Twitter had another banner year, repeatedly setting and breaking records for volume of tweets--first during the London Olympics and then during the presidential election, which saw a peak of 327,452 tweets per minute and the most retweeted picture of all time. The service also passed 500 million total users and 200 million active users in 2012, and it introduced the "cards" API that allows companies to automatically add multimedia elements when someone tweets a link to their site--all with barely a Fail Whale to be seen. Even the Pope signed up for a Twitter account in 2012.
Not everything the happened in the Twitterverse was positive, though. The company continued to lock down its API, shutting out the third party Twitter clients that helped it become popular in the first place. Tweetro, the popular Windows 8 client, became the latest victim of the policy when Twitter shut off its API access, even though there's not currently an official native Windows 8 Twitter app.

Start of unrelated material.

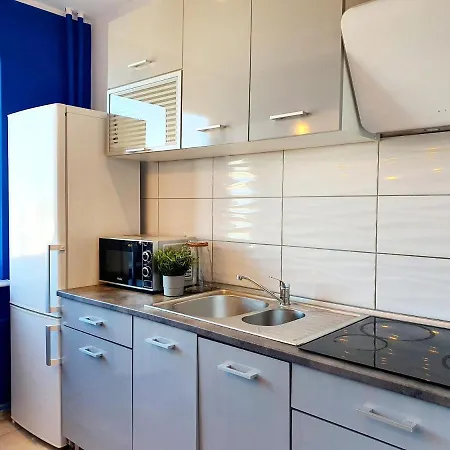 Przy Plazy Vi Apartamento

The microblogging service was also on the receiving end of heavy-handed corporate policy this year, as Instagram (now owned by Facebook) shut off Twitter integration, making it impossible for users to post Instagram photos directly into their Twitter feeds . The very next day, however, Twitter outed native photo filters of its own, somewhat--somewhat--softening the blow for people who love to take pictures of bicycles leaning against lamp posts in the rain.
Yahoo's executive turmoil
If any tech company needs a strong hand at the helm, it's Yahoo. The company still owns one of the most visited sites on the planet, but its future strategy is unclear. That's what the firm was hoping for when they hired on Scott Thompson shortly into the new year--but it's not what they got.
Thompson, who took over for an underperforming Carol Bartz, didn't even last half a year. He was fired in May for faking an entry on his resume, prompting five board members to resign their position early and leading Yahoo to begin its search for its fifth CEO in as many years.